Norwegian aluminium producer Norsk Hydro ASA released financial results for the second quarter on Monday. The firm’s bottom line suffered due to the twin effects of a drop in prices and an attack on the company’s IT systems.
In the second quarter, Hydro reported an EBIT of NOK656 million, down on the year from last year’s second-quarter EBIT of NOK2,986 million. Underlying EBIT for the quarter totaled NOK875 million, off of the second-quarter underlying EBIT of NOK2,713 million last year. Hydro chalked up the difference to lower realized prices for alumina and aluminium and losses incurred due to the cyber attack on the firm’s IT system earlier in the year. However, losses last quarter were moderately tempered by positive currency effects.
The second quarter saw underlying EBIT for Primary Metal fall from a gain of NOK755 million last year to a loss of NOK604 million, largely due to a drop in all-in metal prices. Underlying EBIT for Rolled Products also declined in the quarter, from NOK212 million last year to NOK75 million due to lower production volumes and increased personnel costs.
Extruded Solutions fared somewhat better in the quarter, reporting an underlying EBIT of NOK772 million, off from last year’s result of NOK957 million. Higher margins helped blunt the blow of increased costs, lower volumes, and the impact of the cyber attack, which hit this segment the hardest.
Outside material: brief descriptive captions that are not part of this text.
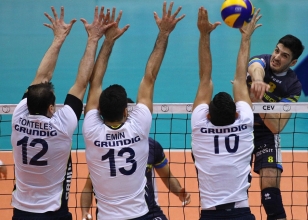 F.Bahe stanbul'a brakt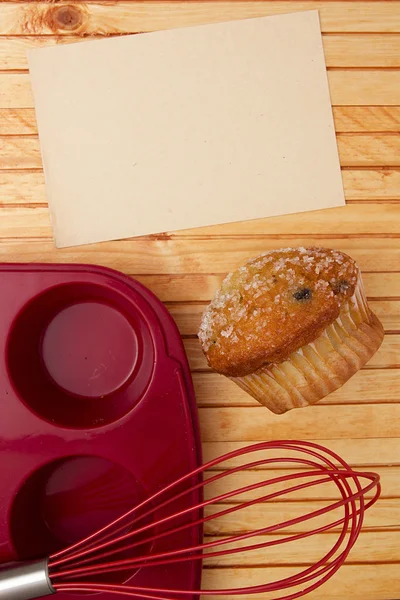 Bolinho — Fotografia de Stock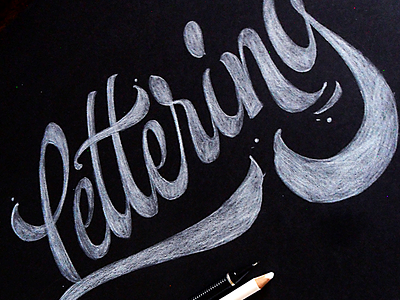 Lettering workshop ! black and white brand clothing design handmade lettering sketch. black t.shirt typography workshop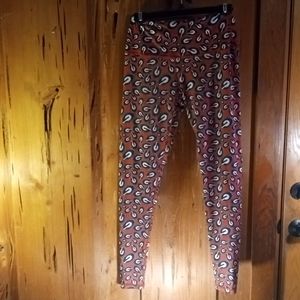 Georgia bulldog leggings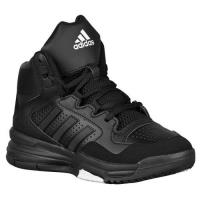 adidas electrify adidas voor grote jongen basketbal schoenen zwart zwart wit Outlet Rotterdam 7aa2t633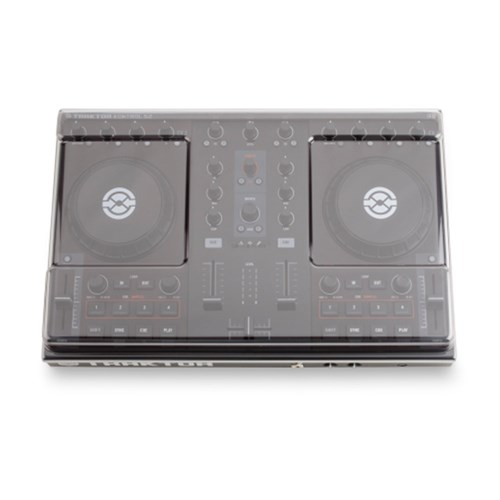 Decksaver Native Instruments Traktor Kontrol S2 MK1 & MK2 DJ Controller Cover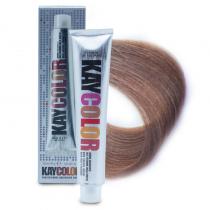Крем фарба для волосся 7.32 бежевий блондин Kay Color KayPro, 100 мл
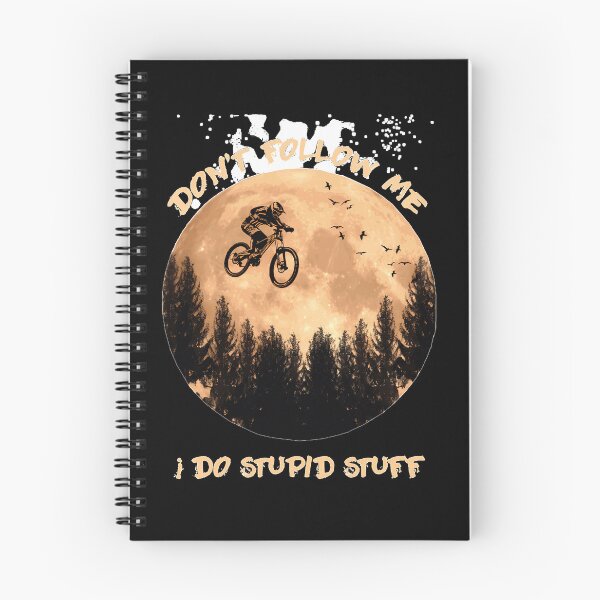 Item preview, Don't Follow Me I Do Stupid Stuff designed and sold by ArthurArnol.
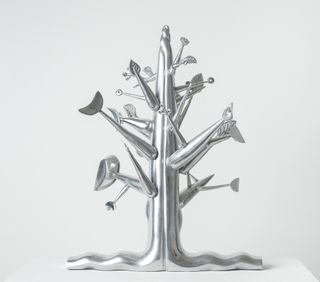 Ibrahim El-Salahi, Meditation Tree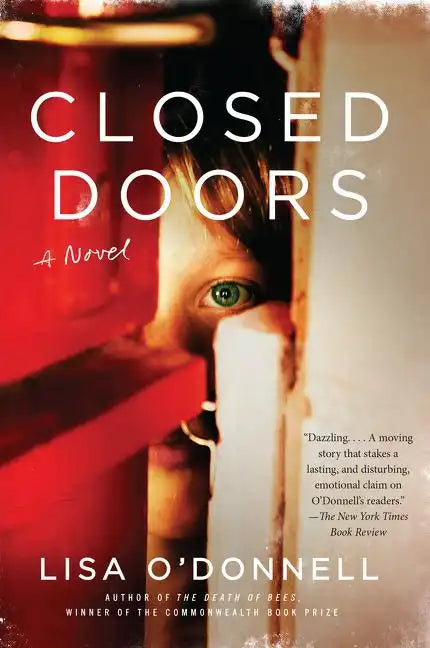 Closed Doors - Paperback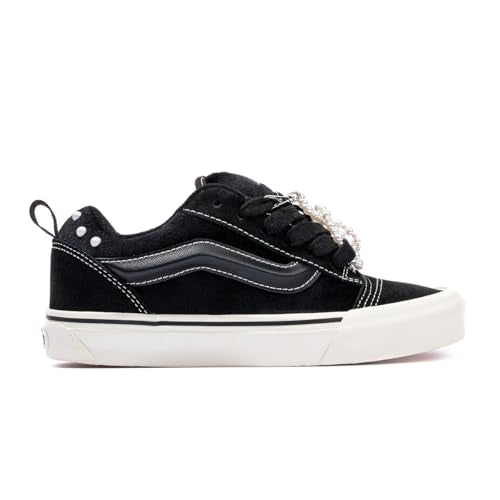 Pearl Suede Black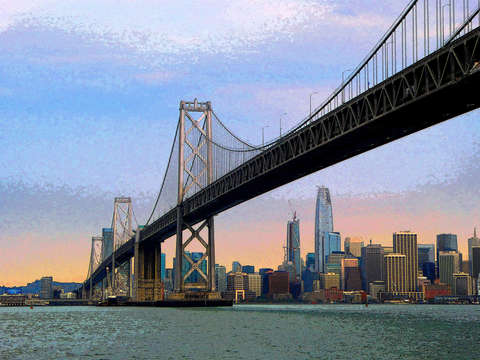 Bridges of san francisco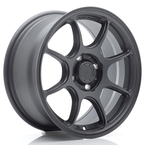 JAPAN RACING SL-04 SL-04 Matt Gun Metal 15"(5902211973232) JAPAN RACING SL-04 SL-04 Matt Gun Metal 15"(5902211973232)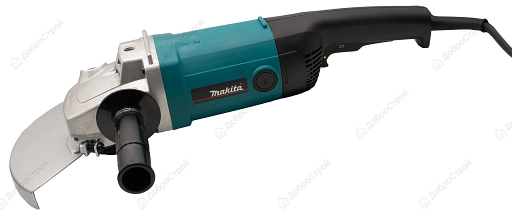 Углошлифмашина Makita 9069, 2000 Вт, 230мм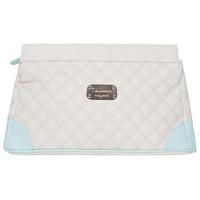Padded leatherette baby toiletry bag Mayoral
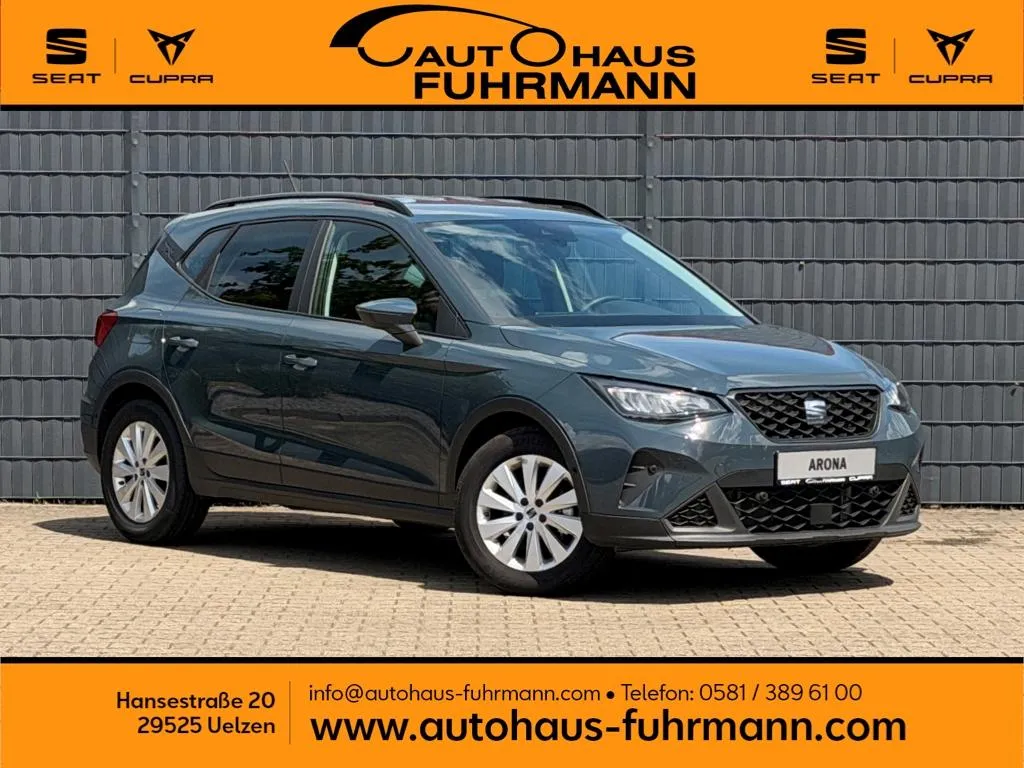 Seat Arona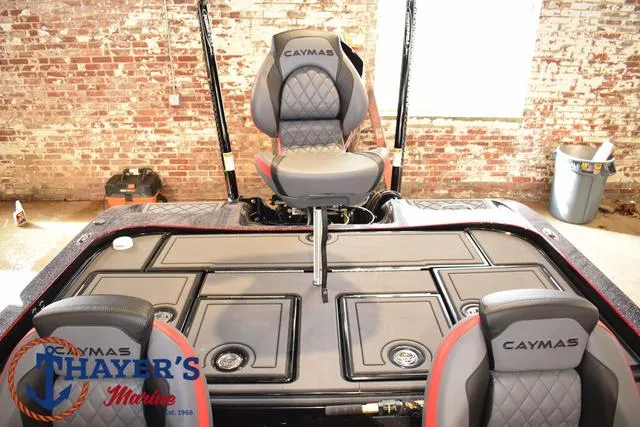 Slide: The Image of Caymas XS 21 Pro 2025 - 38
Hydro estimates the attack’s total damage to the company in the quarter to be between NOK250 million to NOK300 million.
“Alunorte reached 80-85 percent capacity utilization in June, within the targeted 75-85 percent capacity utilization for the state-of-art press filter technology,” explained President and CEO Hilde Merete Aasheim. “Paragominas and Albras are also ramping up successfully. This is a great achievement by the Brazilian organization.”
“We maintain our view of a global primary aluminium market in deficit for 2019 in the range 1-1,5 million tonnes. We take down expected global primary demand growth for 2019 to 1-2 percent, as we are seeing signs of weakening in some of our market segments.”
Norsk Hydro, which was founded in 1905, financed by the Swedish Wallenberg family and French banks, began its life named Norsk hydro-elektrisk Kvælstofaktieselskab (literally, “Norwegian hydro-electric nitrogen limited”) by Sam Eyde. The Norwegian government owns approximately 40% of the company at the present time. Norsk Hydro is one of the largest aluminium companies in the world, with plants in Rjukan, Raufoss, Vennesla, Karmøy, Høyanger, Årdal, Sunndalsøra, and Holmestrand. Norsk also has several plants abroad, including in Germany and Brazil.